(BRIEF):
Reproduce only the lines below from the line containing "view of side of home with a deck" to the line containing "Empty road with", exactly as written, with both end lines kept. Omit the pictures.

(MATERIAL PROVIDED):
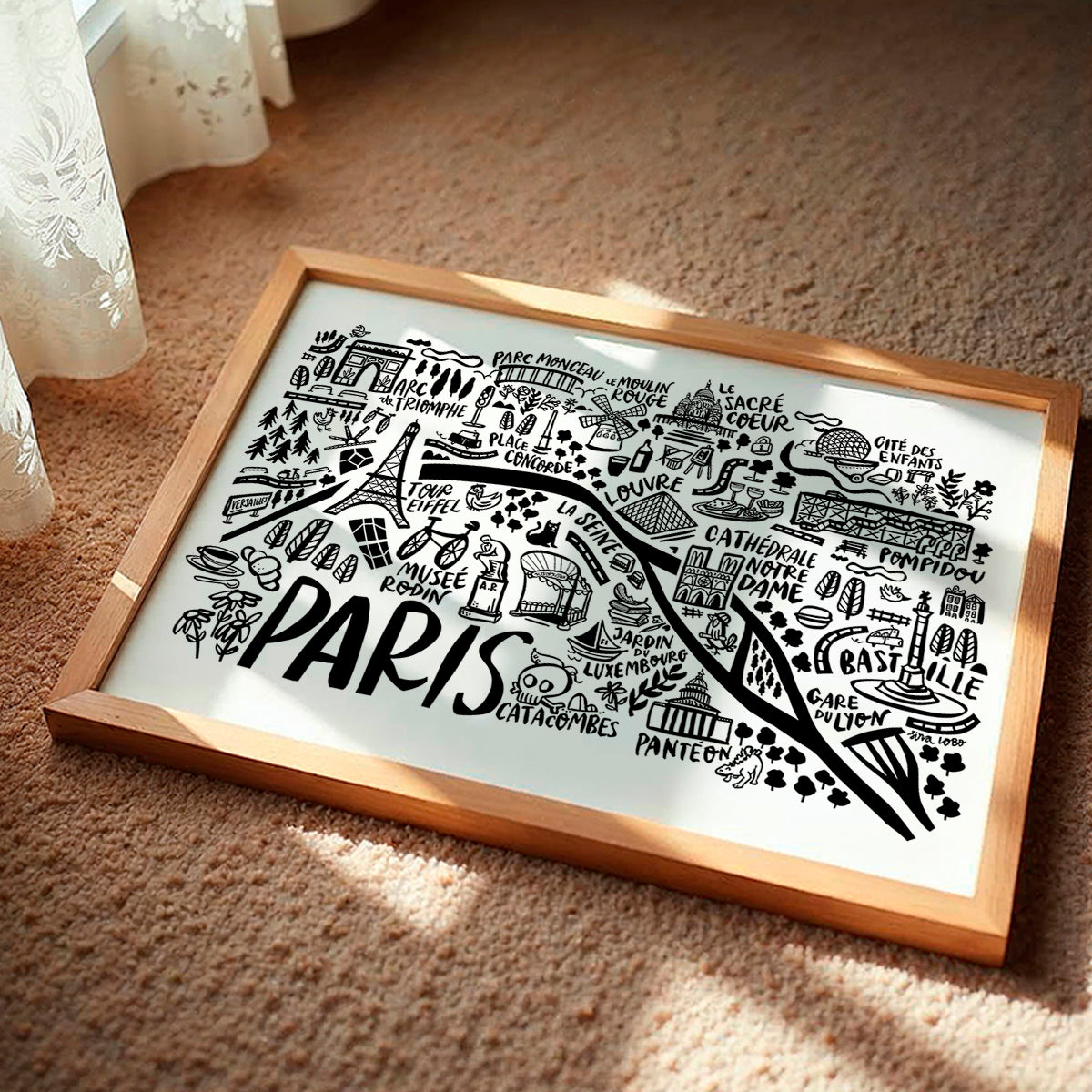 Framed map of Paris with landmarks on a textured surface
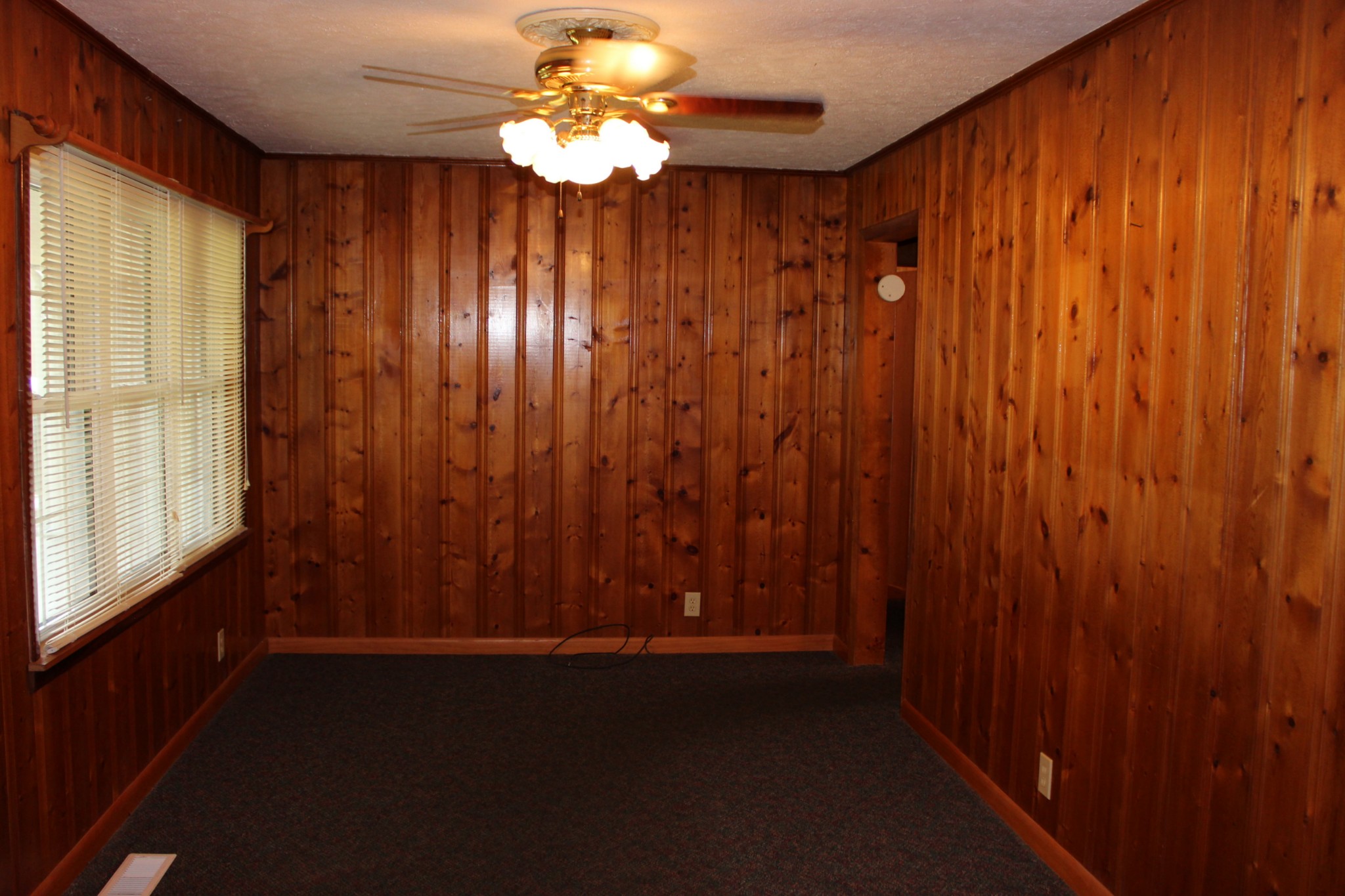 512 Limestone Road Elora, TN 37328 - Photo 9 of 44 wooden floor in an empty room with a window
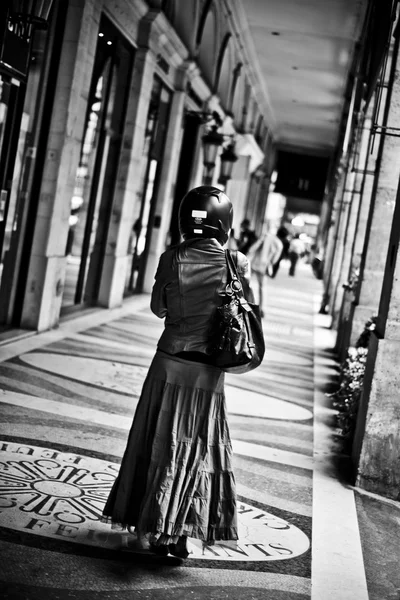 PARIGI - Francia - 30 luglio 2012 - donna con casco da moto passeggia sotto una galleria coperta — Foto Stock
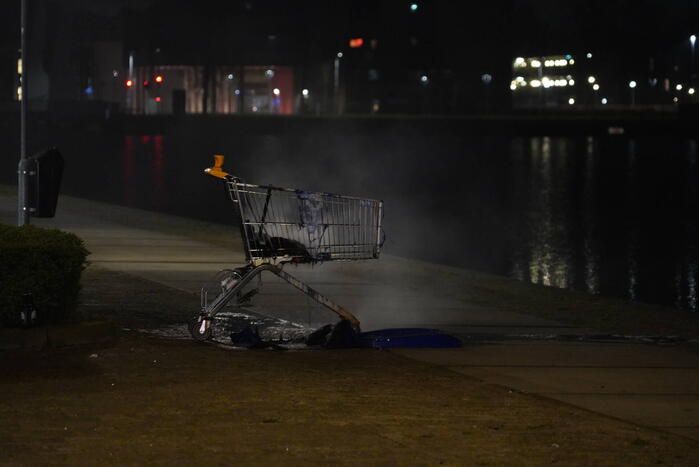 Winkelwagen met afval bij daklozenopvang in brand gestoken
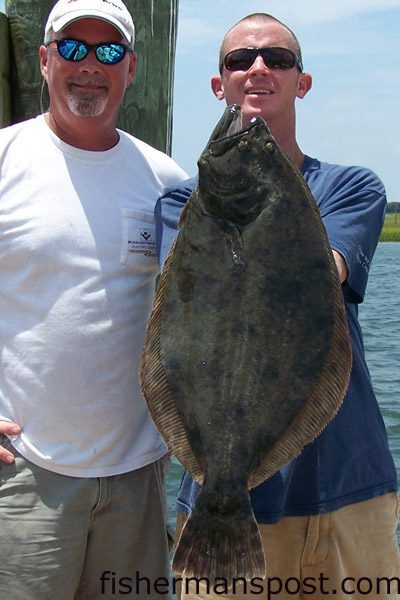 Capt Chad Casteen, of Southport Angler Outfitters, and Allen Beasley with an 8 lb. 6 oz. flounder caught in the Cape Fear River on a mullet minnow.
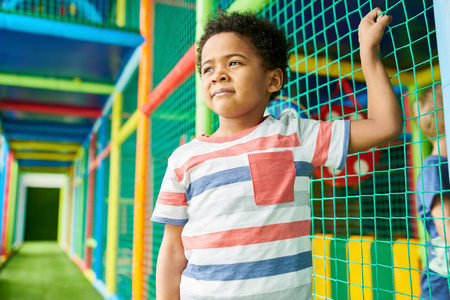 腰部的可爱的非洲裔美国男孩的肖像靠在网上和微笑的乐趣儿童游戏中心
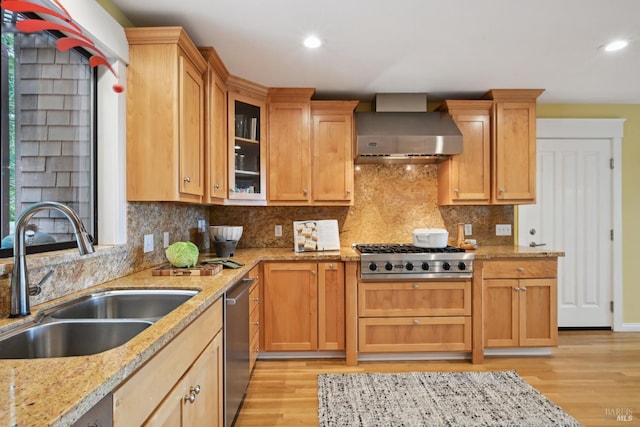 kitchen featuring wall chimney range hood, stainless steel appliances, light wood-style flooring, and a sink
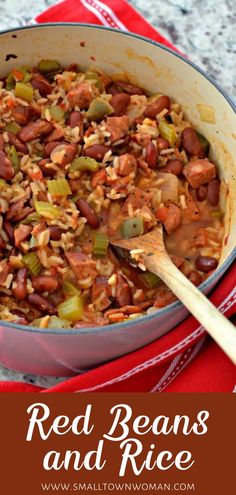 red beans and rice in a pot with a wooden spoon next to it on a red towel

...

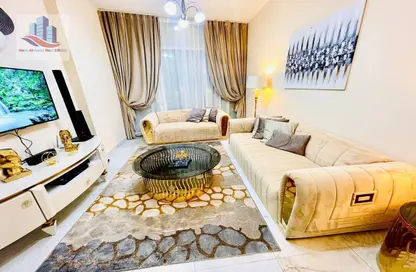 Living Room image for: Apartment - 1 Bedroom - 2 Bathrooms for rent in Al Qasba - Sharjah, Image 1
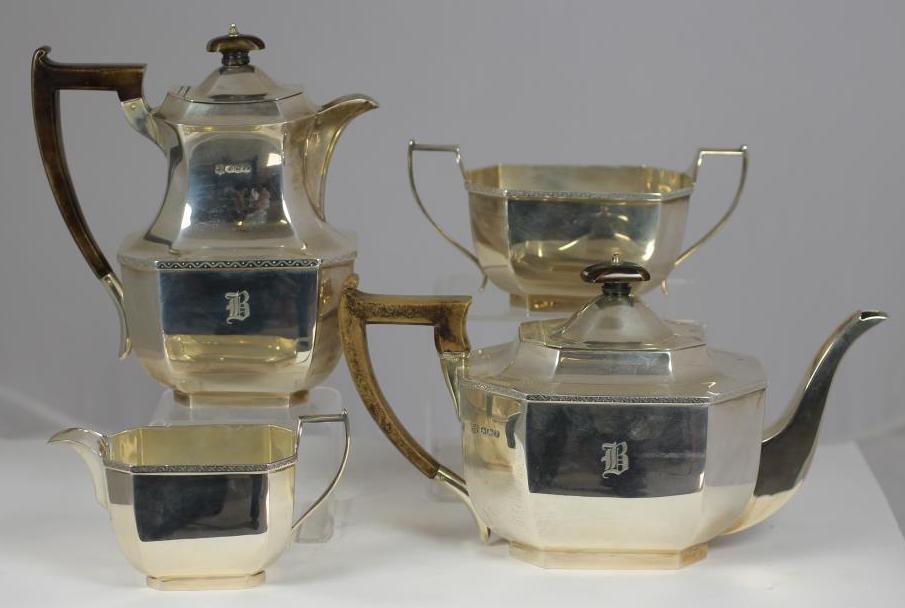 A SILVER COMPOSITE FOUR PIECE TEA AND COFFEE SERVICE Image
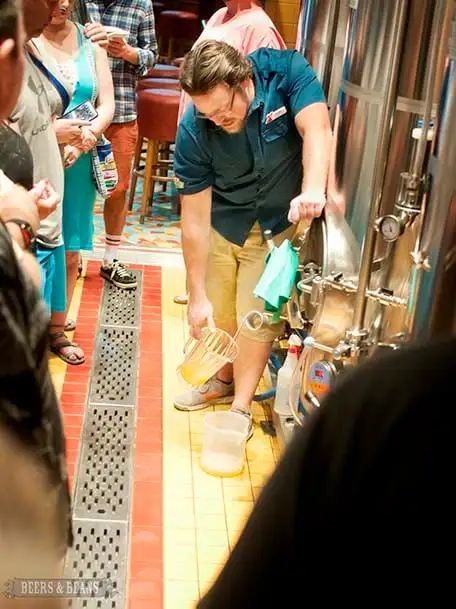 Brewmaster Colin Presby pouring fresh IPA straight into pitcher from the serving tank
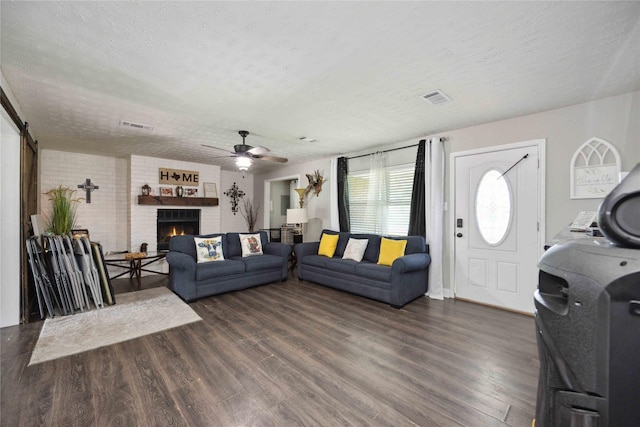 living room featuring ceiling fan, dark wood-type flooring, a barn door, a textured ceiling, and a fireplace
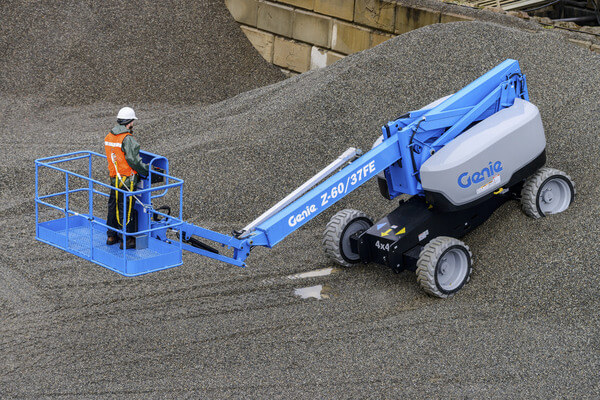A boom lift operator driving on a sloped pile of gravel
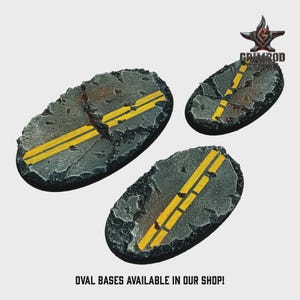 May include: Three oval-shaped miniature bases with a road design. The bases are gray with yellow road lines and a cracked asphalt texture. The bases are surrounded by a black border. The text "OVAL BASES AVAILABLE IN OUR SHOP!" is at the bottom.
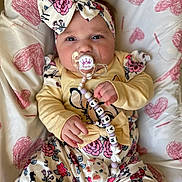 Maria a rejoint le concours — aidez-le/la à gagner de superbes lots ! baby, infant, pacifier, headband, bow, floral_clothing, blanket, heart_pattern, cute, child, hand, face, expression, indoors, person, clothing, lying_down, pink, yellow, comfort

==

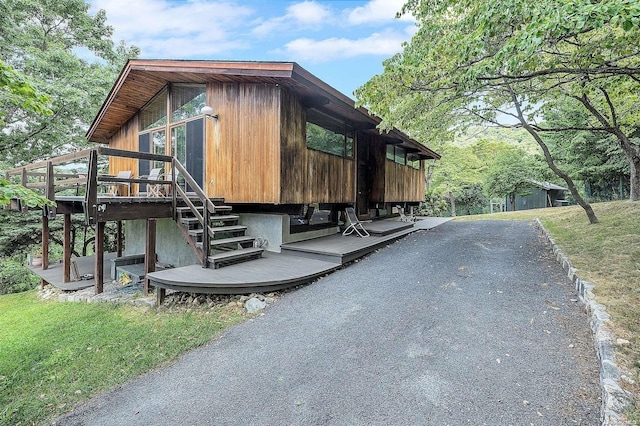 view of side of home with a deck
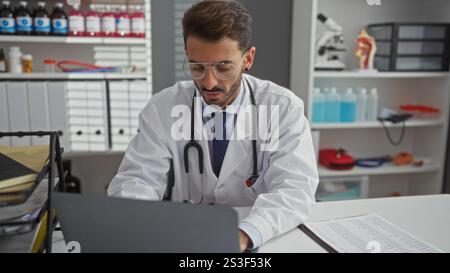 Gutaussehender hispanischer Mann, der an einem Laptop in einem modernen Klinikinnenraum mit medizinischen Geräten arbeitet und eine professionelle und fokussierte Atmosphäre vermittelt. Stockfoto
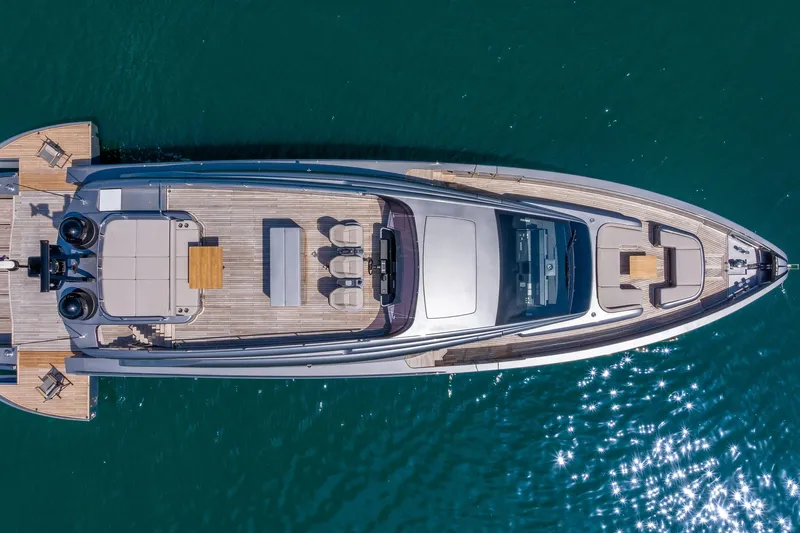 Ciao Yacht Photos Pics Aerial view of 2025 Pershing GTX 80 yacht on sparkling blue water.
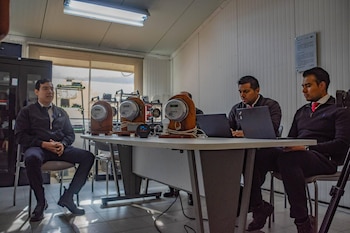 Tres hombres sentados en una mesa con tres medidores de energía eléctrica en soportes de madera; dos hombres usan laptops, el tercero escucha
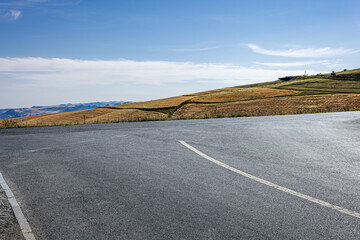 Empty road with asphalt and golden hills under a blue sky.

(WRITTEN RESPONSE):
 view of side of home with a deck
 Gutaussehender hispanischer Mann, der an einem Laptop in einem modernen Klinikinnenraum mit medizinischen Geräten arbeitet und eine professionelle und fokussierte Atmosphäre vermittelt. Stockfoto
 Ciao Yacht Photos Pics Aerial view of 2025 Pershing GTX 80 yacht on sparkling blue water.
 Tres hombres sentados en una mesa con tres medidores de energía eléctrica en soportes de madera; dos hombres usan laptops, el tercero escucha
 Empty road with asphalt and golden hills under a blue sky.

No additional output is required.